Web Picks (week of 16 May 2016)

Posted on May 23, 2016

Every two weeks, we find the most interesting data science links from around the web and collect them in Data Science Briefings, the DataMiningApps newsletter. Subscribe now for free if you want to be the first to get up to speed on interesting resources.

Researchers just released profile data on 70,000 OkCupid users without permission
One of the bigger stories of the past weeks. Or: how not to publish research…

Announcing SyntaxNet: The World’s Most Accurate Parser Goes Open Source
One of the other big news facts: Google releases SyntaxNet, an open-source neural network framework implemented in TensorFlow that provides a foundation for Natural Language Understanding (NLU) systems.

Let’s stop writing like it’s 1995
Promising article on the upcoming, AI-driven advances in word processing and writing. Many of our PhD’s are looking forward to “if you replace this word by ****, more reviewers will accept your paper”-type recommendations. Also see Writing with the machine in the same vein.
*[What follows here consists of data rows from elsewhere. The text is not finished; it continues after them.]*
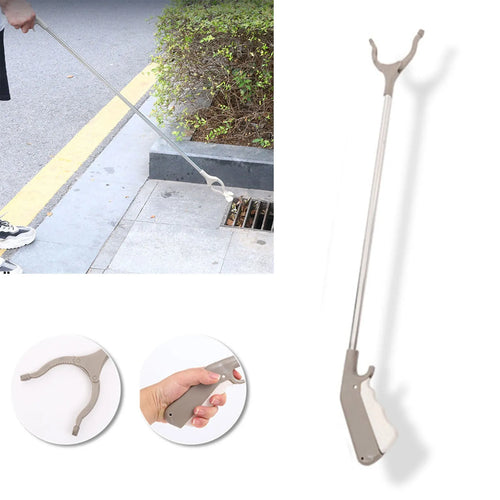 Stainless steel and plastic extended-length sanitation picker pliers with a push-type handle.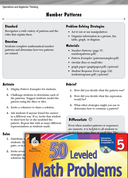 Operations and Algebraic Thinking Leveled Problems: Number Patterns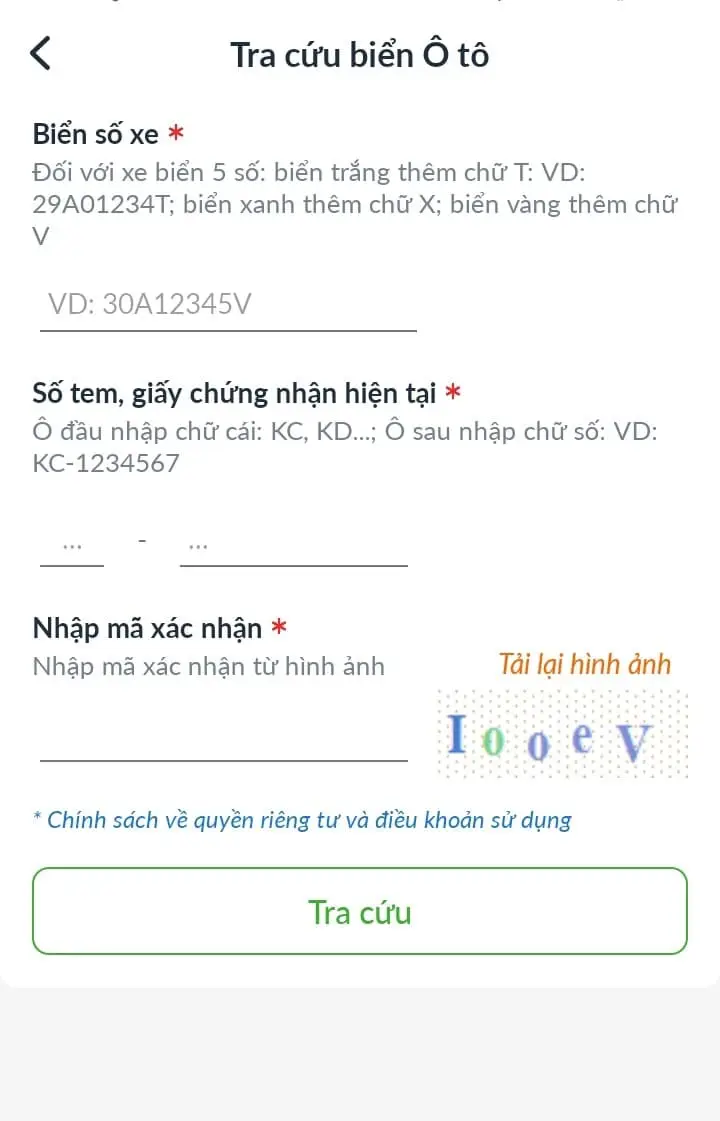 Điền những thông tin của ô tô được yêu cầu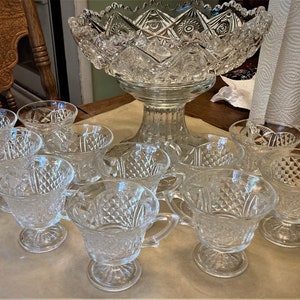 Vintage Colony Glass &quot;Baroque&quot; Clear Footed Punch Bowl Cups or Colony &quot;Baroque&quot; Punch Bowl Stand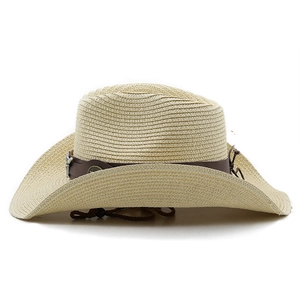 Detailed texture of woven straw cowboy hat with leather band and adjustable wind rope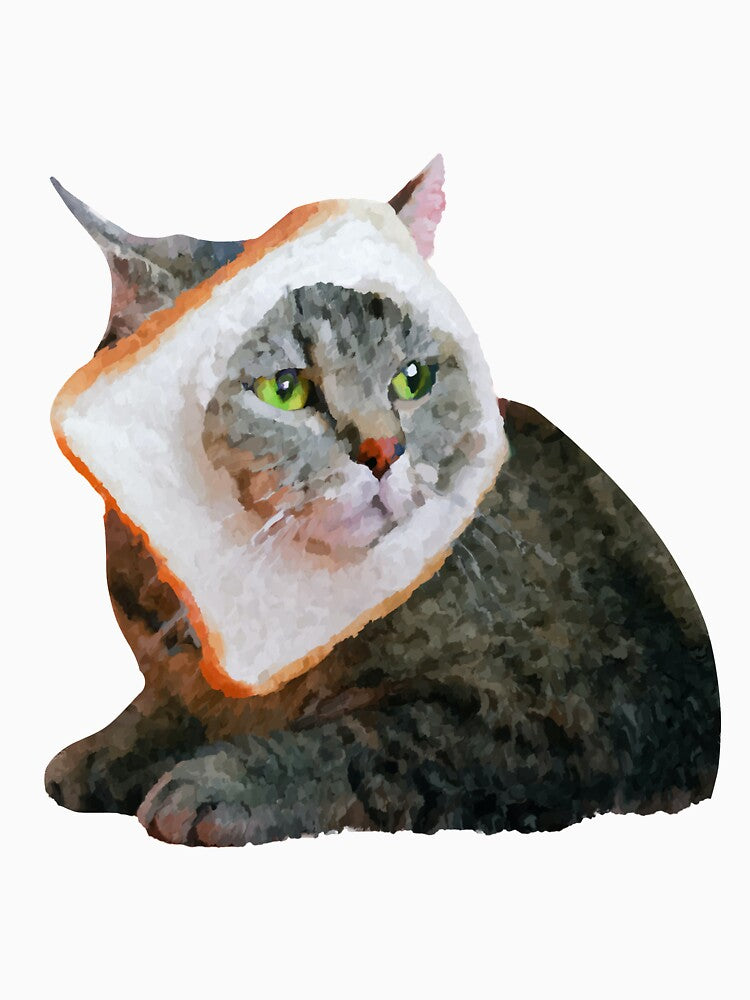Cat in bread painting by unepommedeterre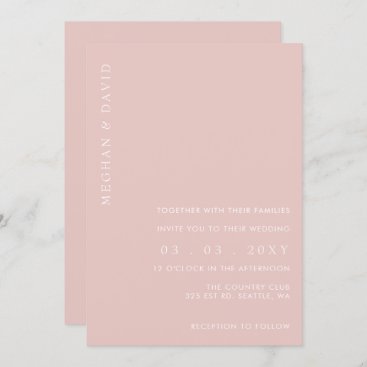 Simple Elegant Minimal Modern Blush Wedding  Invitation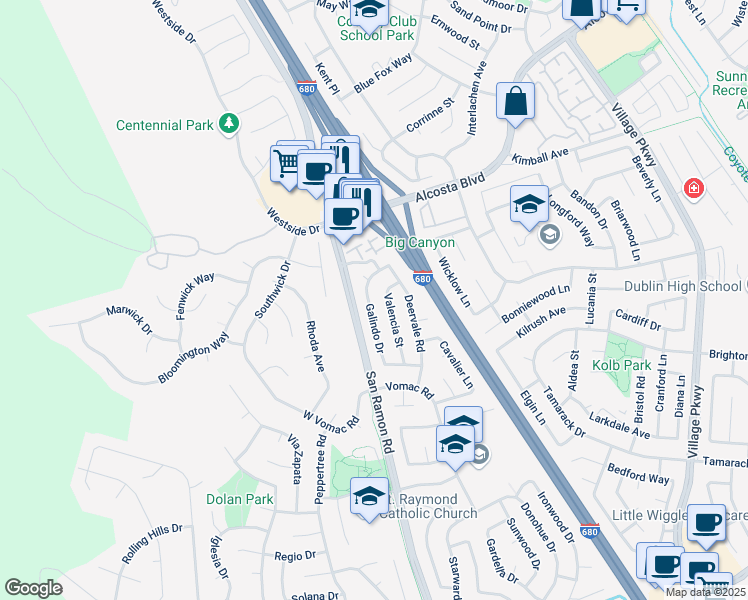 map of restaurants, bars, coffee shops, grocery stores, and more near 8650 Galindo Drive in Dublin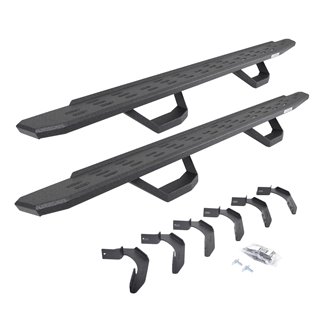 Go Rhino | 6961268020T - RB30 Running Boards with Mounting Brackets & 2 Pairs of Drops Steps Kit - Protective Bedliner Coatin...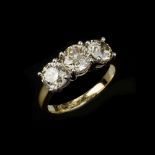 A three stone diamond ring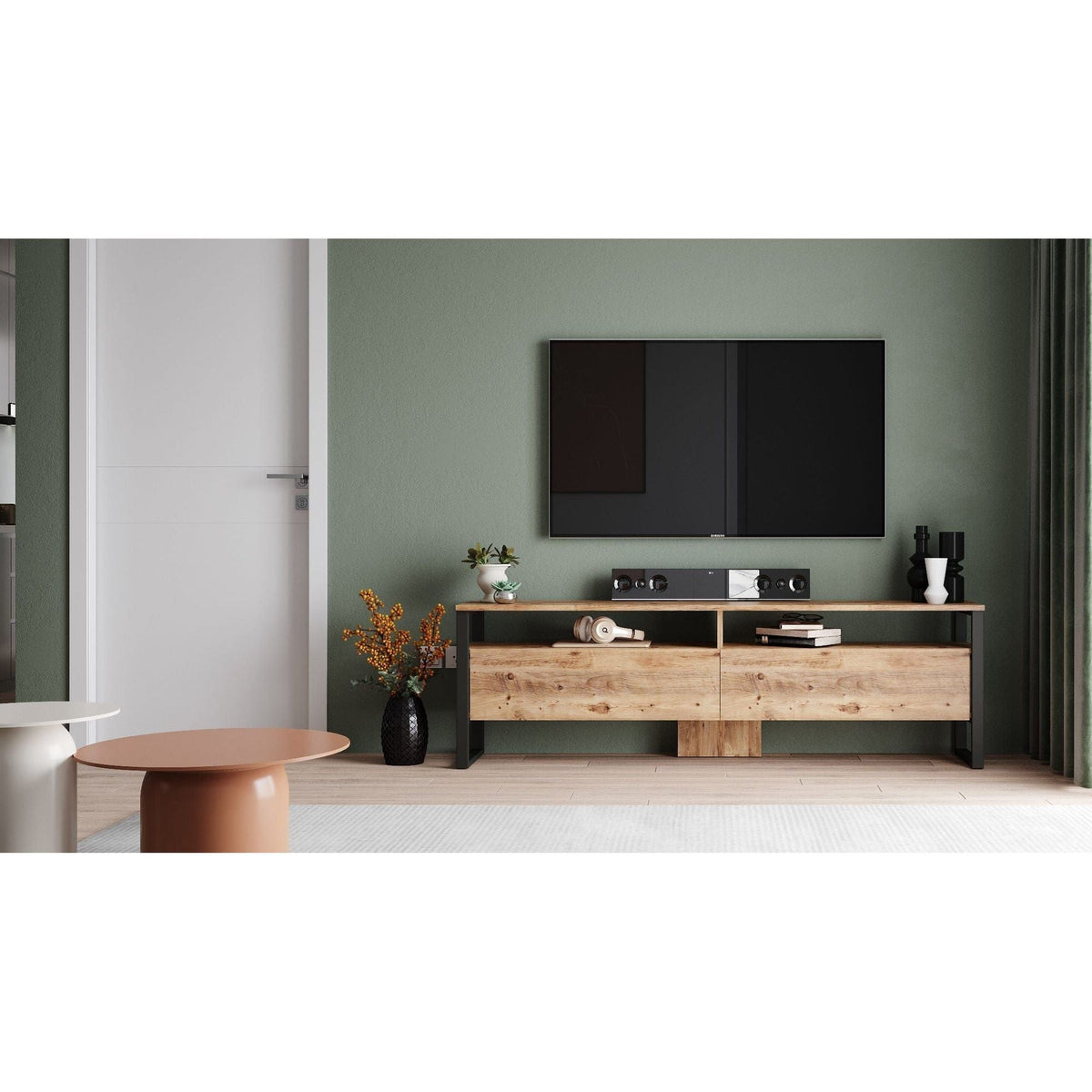 Comoda TV ML19-A, pin atlantic, PAL melaminat/plastic, 180x36x56 cm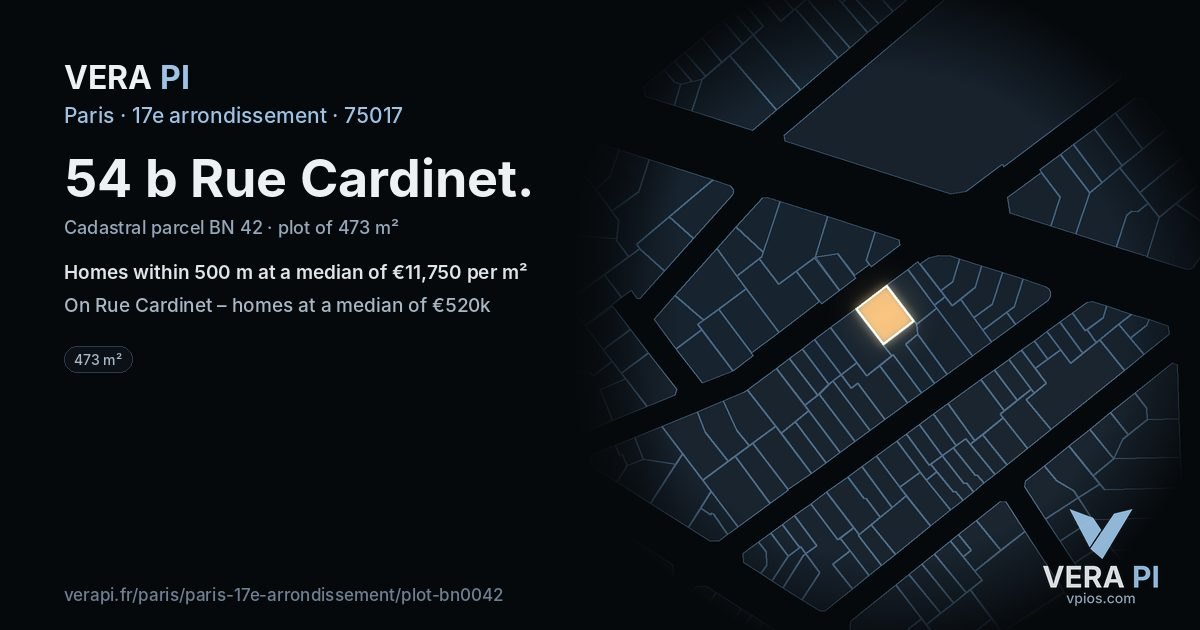 54 b Rue Cardinet, 17e arrondissement at night – the plot lit, the parcels around coloured by the prices near them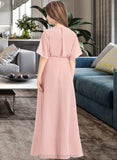 Yareli A-Line Scoop Neck Floor-Length Chiffon Junior Bridesmaid Dress STIP0013493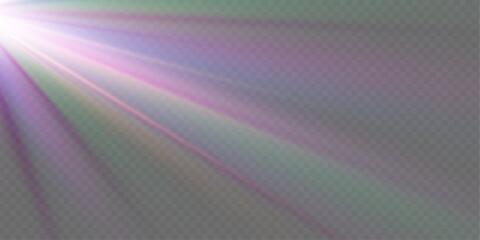 Poster - Png crystal star. Crystal ray light, sun shines PNG rainbow red yellow and blue color. Optical fire light effect. Png sparkle shine. Vector lens glare leakage glare reflection effect. Sunlight 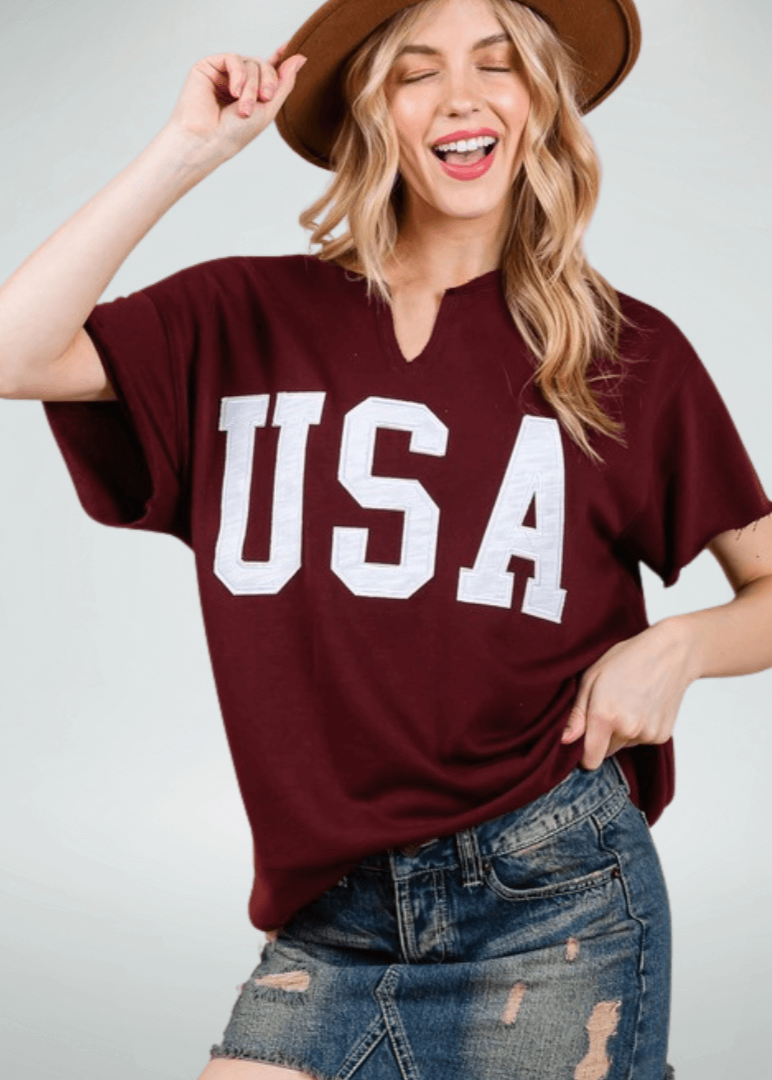Made in USA Game Day USA Lettering Patch Short Sleeve T-Shirt, Raw edge detail, USA lettering patch for Patriotic, Olympics and Game Day in Crimson | Classy Cozy Cool Made in America Boutique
Extreme Style Machines: Using Random Neural Networks to Generate Textures
Wait, what! Generating high-quality images based on completely random neural networks? That’s the unreasonable effectiveness of deep representations…

Artistic style transfer for videos (YouTube)
Supplementary video accompanying the paper “Artistic style transfer for videos” by Manuel Ruder, Alexey Dosovitskiy and Thomas Brox http://arxiv.org/abs/1604.08610 — impressive work!

Number plate recognition with Tensorflow
Fun read on recognizing number plates using deep learning.

Using Machine Learning to Predict Out-Of-Sample Performance of Trading Algorithms
Interesting article on backtesting: “[…] it became clear that while the Sharpe ratio of a backtest was a very weak predictor of the future performance of a trading strategy, we could instead […] train a classifier on a variety of features to predict out-of-sample performance with much higher accuracy.”

sqlbiter
sqlitebiter is a CLI tool to convert CSV/JSON/Excel/Google-Sheets to a SQLite database.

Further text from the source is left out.